I only pointed out because of existence of many dialects they may become forces of divisiveness in nation building. I suppose you could accept these as facts from history.
I speak dialect daily to my family like my mother and sister and I too recognize that there is a place for my dialect co-existence with other dialects to maintain a certain richness or variety of one's nationality.
However, having confirmed that I am not anti-dialect, there is now a need to keep a certain perspective if we are going to discuss the place of dialects in nation building.
Without nation, there can be no home just as without home there can be no nation.
Dialects and local languages may not enjoy all the status as that of common mother tongue especially if there is one like mandarin that unifies all dialectic groups in national endeavors for obvious reason. That does not mean that there is no place for dialects. May be government should allow a certain exposures to dialect in community events or media shows to keep them thriving but in a balanced way without leading to frictions among different dialectic groups.
oh.. tell me a country where they are divided because of dialects. dun gimme those tribes who are in countries using their own dialect.
Originally posted by the.raven:
who cares about dialects!?!?!? mandarin is a dialect!!
i do care about dialects. u must be those who fail chinese in school.
Originally posted by Possum:
I believe the reason why Mandarin was chosen was for its unified or common writing system. You can speak Cantonese to me while I reply to you in Hokkien, and we'd both be at a loss. But if we put our words into writing, we'd understand each other. Mandarin is the primary language from which dialects spawned from, not the other way. You build a house from the foundations up, and not from the roof down.

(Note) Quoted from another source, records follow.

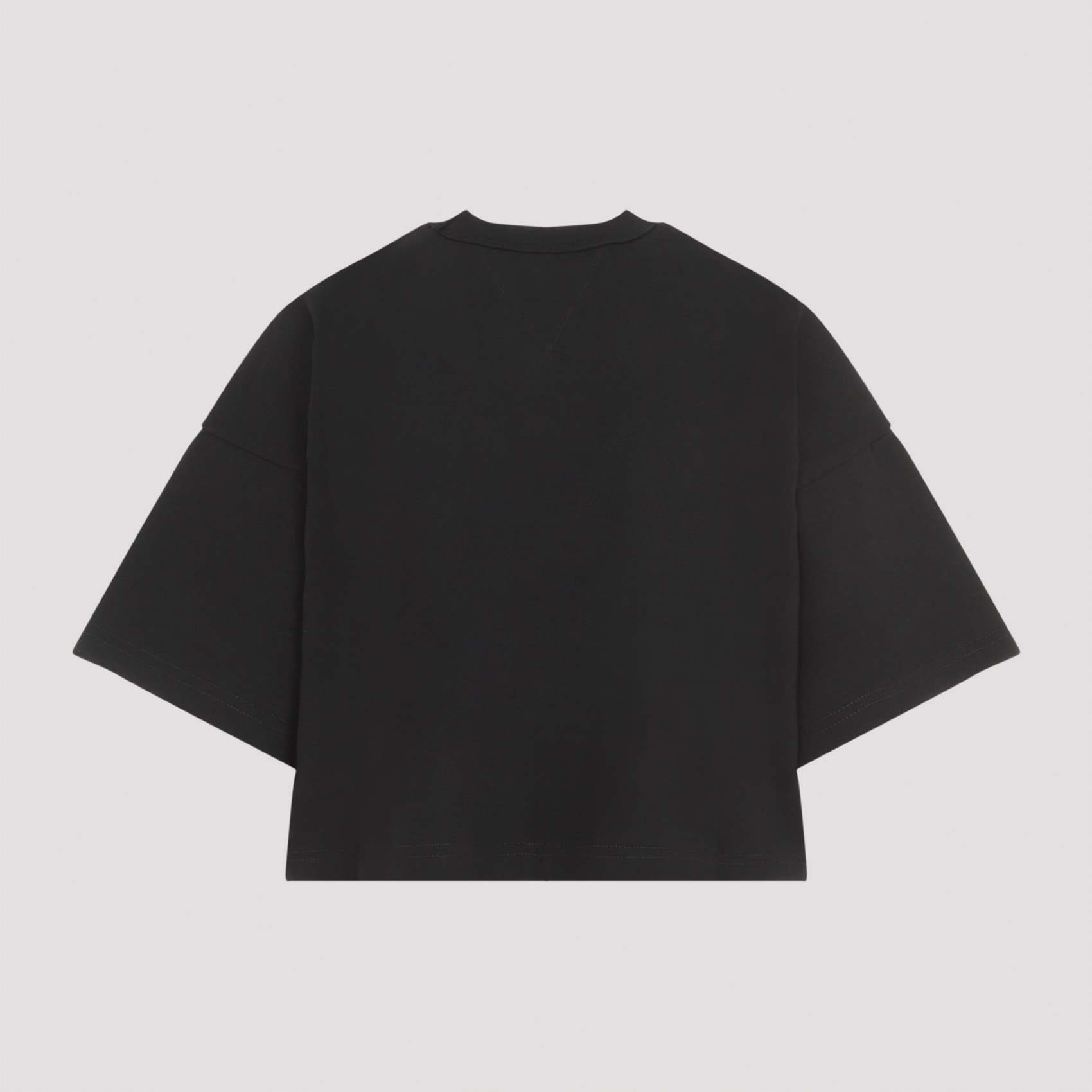 【送料&関税込】Bottega Veneta Cropped T-shirt With Leather Bottega Veneta | Leather Patch Cropped T-Shirt | Short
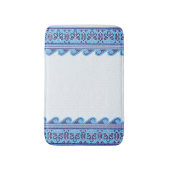 Tapis De Bain Ornement en mosaïque grecque - Tons de bleu (Devant (Vertical))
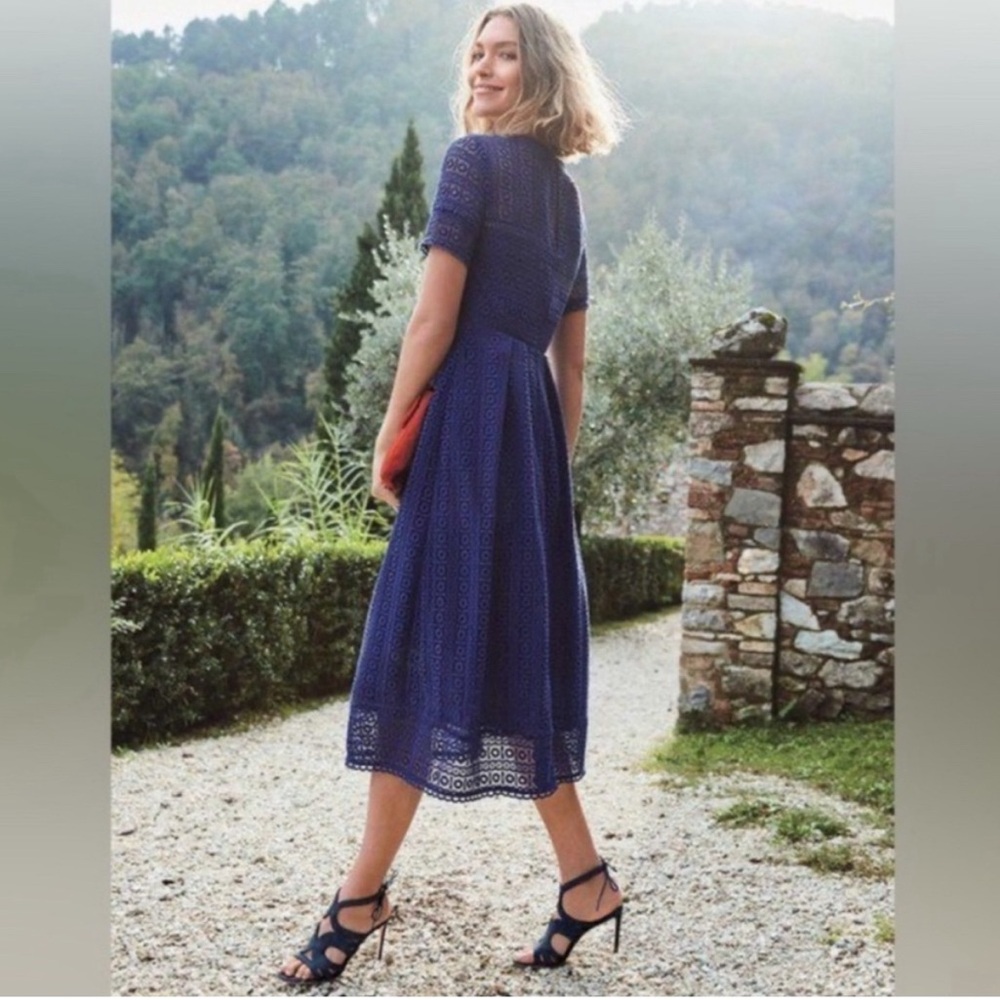 Boden Althea Lace Short Sleeve Fit and Flare Midi Dress, Imperial Blue, Size US2
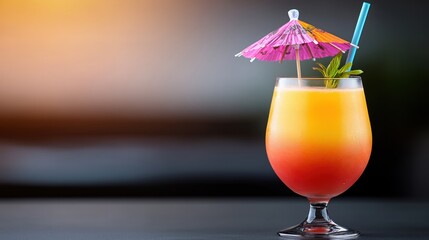Tropical cocktail with a colorful umbrella and straw on a blurred background, AI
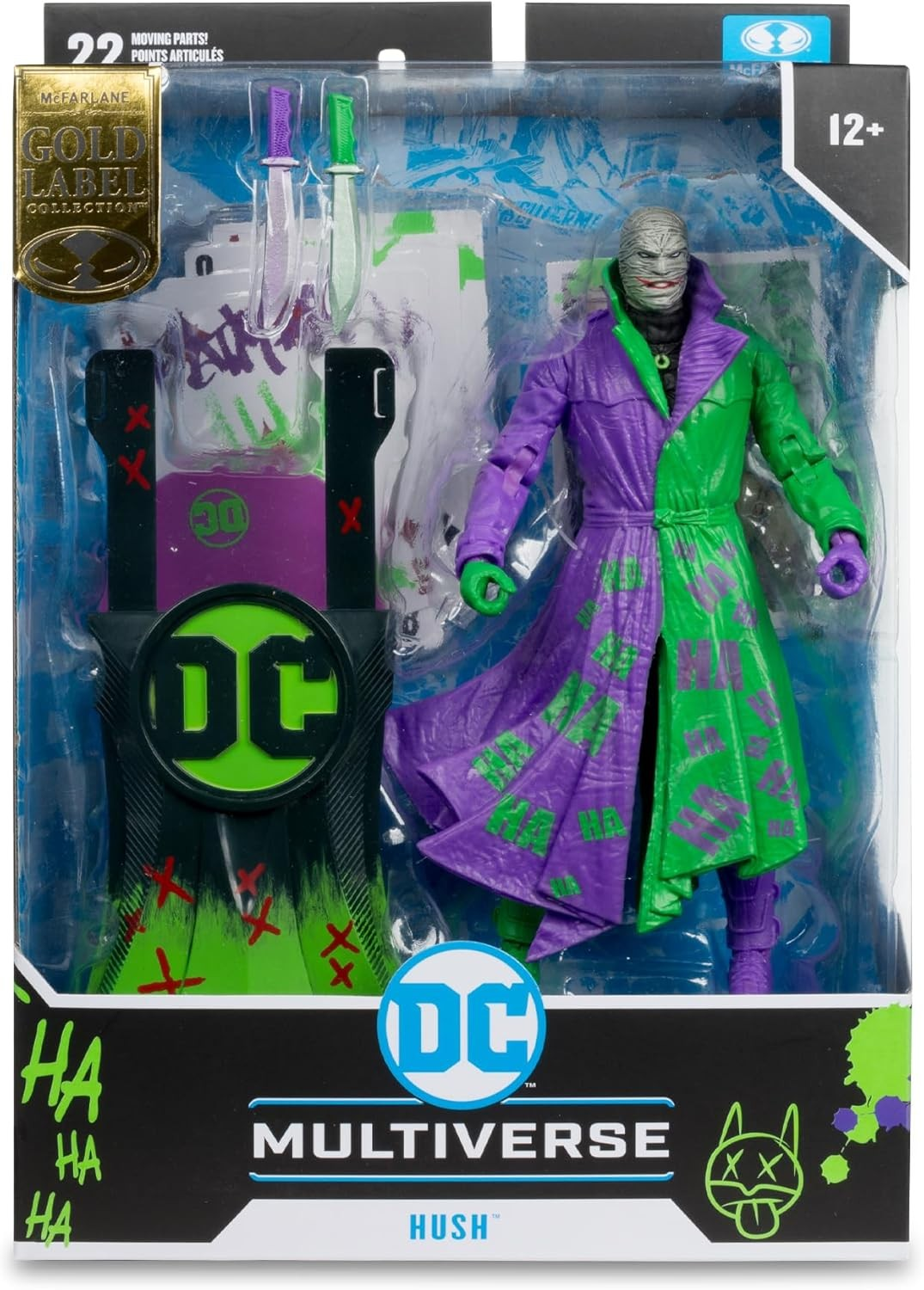 Figura de acción DC Multiverse Hush en su caja con abrigo morado y verde, cara vendada y accesorios.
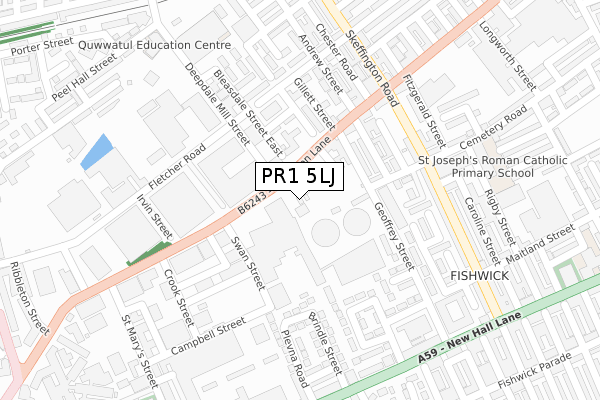PR1 5LJ map - large scale - OS Open Zoomstack (Ordnance Survey)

It is true that dialects and whole cultures are facing extinction all over the world. But rest assured that cultures and languages are very much like a ecosystem. If one part of it becomes very strong, the other extreme end will make up to balance the system. There are always groups of people who will preserve a culture. Linguicide is happening but restoration is also happening at the same time.
Bring it on!!
don't u know that all the chinese dialects have the same writing form? yes, it is the same as mandarin, which are chinese words. well, also, do u know that one dialect or language is gone everyday? if u read, u would find out that in ulu places, there will be a grp of people trying very hard to preserve their own dialect or language. but when they die, the younger generation do not bother to learn as they find it useless. that's when these cultures are gone. if u look at singapore, it's more or less the same situation.